Should VAR be used in football?

The video assistant referee (VAR) has proven highly controversial since its introduction in FIFA's Laws of the Game in 2018, after years of calls for video to be used. Has it helped make football fairer or is it destroying the spectacle of the beautiful game?

Yes. VAR is a net positive to the game

VAR makes the game better and thus should continue to be used

VAR makes the game fairer

VAR prevents teams from being denied victories by poor refereeing decisions or outright cheating. Ultimately, the officals' role is to be as impartial and fair as possible and so officials having the greatest amount of information is always good for the game.

VAR will reduce cheating and fouling

Cheating should not be tolerated in football and reckless behaviour that can lead to injury should be limited as much as possible. When players know that they are always being watched, they should be less inclined to cheat or play danegously.

VAR can create a more attacking game

VAR means that defenders will have to be more careful in their own penalty area. This should lead to more chances for attacking football to flourish, as attackers will be willing to try and take on defenders in the box rather than playing it safe.

Normal referees make too many mistakes

It's impossible to expect referees to get every decision correct while watching a match at full speed, often from bad angles. VAR, on the other hand, can avoid these mistakes.

Goal-line technology in football was a great success

Goal-line technology faced many of the same questions as VAR, but proved to be very successful. It's only a matter of time before VAR's place in football is similarly seamless.

VAR should lead to less complaining

Players swarming the referee after a bad decision can completely disrupt a match, and often complaints overshadow the events on the pitch entirely. If the referee could see everything clearly on video there should be less tedious controversy.

No. VAR has made football worse

VAR has been a failure and should be scrapped

Fans can no longer celebrate goals in the same way

Every decision is now subject to doubt as many goals are ruled out by VAR. VAR has made the experience worse for football's most important group: the matchgoing fan.

Mistakes are part of the game

Sports are about what the very best humans can achieve. Sometimes humans get things wrong. Rather than using technology to fix these mistakes, we should embrace human error.

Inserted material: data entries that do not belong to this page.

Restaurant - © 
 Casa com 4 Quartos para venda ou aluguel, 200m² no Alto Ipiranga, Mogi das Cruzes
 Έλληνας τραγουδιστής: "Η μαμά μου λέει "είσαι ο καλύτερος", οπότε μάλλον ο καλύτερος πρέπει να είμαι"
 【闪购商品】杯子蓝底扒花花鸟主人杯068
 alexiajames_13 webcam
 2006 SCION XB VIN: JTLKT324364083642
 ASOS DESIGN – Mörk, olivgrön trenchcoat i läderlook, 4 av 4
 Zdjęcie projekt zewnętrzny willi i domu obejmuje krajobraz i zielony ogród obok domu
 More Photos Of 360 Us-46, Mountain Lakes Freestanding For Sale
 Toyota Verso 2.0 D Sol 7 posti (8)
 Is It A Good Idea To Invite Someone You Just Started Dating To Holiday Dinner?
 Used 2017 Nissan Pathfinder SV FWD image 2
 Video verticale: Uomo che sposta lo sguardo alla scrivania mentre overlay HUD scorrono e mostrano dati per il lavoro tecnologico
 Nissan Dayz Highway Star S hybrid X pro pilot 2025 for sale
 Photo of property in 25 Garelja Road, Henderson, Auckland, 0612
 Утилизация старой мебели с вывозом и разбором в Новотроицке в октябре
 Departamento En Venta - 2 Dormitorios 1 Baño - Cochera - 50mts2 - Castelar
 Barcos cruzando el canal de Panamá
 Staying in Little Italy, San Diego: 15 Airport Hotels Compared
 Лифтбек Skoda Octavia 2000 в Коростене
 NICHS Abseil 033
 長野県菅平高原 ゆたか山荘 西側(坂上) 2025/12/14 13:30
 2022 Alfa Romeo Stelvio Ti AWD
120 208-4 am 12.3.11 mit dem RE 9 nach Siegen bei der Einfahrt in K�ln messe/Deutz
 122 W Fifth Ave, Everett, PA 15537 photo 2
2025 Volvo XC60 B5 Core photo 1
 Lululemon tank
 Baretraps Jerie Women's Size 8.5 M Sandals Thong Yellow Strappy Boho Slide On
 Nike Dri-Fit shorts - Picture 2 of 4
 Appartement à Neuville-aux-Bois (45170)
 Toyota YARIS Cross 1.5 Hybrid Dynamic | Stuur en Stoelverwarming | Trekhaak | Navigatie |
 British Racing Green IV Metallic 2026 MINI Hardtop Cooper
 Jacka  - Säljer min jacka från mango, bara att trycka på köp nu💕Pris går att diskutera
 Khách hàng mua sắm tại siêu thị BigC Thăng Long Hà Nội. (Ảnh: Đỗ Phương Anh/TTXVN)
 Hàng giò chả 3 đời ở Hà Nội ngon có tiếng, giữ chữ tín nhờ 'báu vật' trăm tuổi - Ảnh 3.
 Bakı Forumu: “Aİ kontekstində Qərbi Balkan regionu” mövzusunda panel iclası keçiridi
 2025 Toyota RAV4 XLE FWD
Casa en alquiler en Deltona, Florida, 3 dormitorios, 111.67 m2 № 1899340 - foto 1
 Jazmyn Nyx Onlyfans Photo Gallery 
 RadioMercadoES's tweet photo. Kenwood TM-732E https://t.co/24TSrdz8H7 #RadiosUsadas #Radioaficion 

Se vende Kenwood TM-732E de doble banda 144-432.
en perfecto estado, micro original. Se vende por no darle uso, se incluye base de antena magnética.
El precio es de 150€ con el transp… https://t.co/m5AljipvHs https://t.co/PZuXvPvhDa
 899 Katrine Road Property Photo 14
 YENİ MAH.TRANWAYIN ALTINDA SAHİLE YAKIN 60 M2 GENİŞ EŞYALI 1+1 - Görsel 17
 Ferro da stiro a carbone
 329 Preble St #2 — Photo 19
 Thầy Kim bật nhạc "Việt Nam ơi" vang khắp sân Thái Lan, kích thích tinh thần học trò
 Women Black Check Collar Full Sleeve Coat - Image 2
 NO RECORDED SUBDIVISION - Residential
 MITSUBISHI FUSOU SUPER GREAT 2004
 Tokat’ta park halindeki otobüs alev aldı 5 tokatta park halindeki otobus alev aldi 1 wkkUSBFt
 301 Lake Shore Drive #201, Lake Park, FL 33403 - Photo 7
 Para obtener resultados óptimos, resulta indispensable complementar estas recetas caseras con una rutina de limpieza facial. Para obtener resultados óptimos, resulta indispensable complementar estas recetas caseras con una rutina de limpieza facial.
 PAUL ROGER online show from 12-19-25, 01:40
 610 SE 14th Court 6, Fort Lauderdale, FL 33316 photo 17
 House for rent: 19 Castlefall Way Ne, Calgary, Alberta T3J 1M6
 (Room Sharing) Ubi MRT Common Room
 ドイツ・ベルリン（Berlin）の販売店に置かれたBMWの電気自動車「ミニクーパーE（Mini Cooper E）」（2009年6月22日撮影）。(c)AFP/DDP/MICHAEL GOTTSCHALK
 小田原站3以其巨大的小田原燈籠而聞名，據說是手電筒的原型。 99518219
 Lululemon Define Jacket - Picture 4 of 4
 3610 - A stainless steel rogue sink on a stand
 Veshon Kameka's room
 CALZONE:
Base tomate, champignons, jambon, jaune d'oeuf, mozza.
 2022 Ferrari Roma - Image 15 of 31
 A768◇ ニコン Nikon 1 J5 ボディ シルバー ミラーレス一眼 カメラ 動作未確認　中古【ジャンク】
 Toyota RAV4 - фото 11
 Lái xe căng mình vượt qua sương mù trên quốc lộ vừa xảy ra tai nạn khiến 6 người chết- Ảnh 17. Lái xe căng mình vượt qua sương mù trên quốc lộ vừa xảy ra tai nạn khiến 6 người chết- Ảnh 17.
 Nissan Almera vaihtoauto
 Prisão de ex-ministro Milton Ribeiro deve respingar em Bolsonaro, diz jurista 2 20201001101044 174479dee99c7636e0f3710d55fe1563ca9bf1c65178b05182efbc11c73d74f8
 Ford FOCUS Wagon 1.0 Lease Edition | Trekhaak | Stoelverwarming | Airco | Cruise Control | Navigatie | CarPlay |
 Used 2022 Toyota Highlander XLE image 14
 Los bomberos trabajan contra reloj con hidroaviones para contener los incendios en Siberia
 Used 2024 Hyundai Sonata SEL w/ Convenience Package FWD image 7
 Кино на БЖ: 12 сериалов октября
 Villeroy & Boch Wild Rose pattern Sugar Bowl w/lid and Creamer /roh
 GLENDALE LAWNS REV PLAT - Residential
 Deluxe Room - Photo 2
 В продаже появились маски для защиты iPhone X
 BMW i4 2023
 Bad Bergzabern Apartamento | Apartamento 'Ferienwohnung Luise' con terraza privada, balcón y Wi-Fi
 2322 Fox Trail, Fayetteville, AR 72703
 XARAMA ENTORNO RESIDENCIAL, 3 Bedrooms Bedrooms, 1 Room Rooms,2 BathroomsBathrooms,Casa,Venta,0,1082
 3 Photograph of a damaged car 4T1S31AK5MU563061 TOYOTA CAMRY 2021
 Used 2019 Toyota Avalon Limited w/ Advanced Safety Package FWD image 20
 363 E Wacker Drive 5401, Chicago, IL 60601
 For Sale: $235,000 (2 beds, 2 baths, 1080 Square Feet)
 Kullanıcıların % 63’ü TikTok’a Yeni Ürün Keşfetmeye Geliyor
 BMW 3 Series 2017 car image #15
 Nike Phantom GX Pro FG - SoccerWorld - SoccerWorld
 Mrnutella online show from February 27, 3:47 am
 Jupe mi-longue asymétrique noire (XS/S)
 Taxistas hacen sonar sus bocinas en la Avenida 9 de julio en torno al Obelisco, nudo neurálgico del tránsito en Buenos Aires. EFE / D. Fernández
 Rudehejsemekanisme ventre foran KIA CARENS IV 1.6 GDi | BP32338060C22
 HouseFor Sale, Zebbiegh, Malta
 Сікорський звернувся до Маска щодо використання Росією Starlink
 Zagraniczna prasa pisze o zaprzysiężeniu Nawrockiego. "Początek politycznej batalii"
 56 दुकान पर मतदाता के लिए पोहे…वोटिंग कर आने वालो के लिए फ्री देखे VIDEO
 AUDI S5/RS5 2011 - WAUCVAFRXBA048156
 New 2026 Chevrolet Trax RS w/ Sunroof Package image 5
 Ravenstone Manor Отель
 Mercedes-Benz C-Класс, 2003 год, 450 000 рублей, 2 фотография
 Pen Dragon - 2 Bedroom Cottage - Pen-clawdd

VAR kills the passion of the game

The rules of football were mostly created more than 100 years ago. They reflect a vastly different time long before television cameras and with less skilled referees. As a result, some of these rules don't function as intended when we can suddenly see the tiniest details of what happened.

VAR takes too long

VAR often needs to review a decision from several angles several times to be correct. This takes up a huge amount of time and gets in the way of the actual football to be played.

Football is too free-flowing for VAR

Play can go on for several minutes in football without any sport of clear break and it's not uncommon for a chance at one end to be followed immediately by a counter-attack at another. Stopping play to look at replays would interrupt these crucial parts of football.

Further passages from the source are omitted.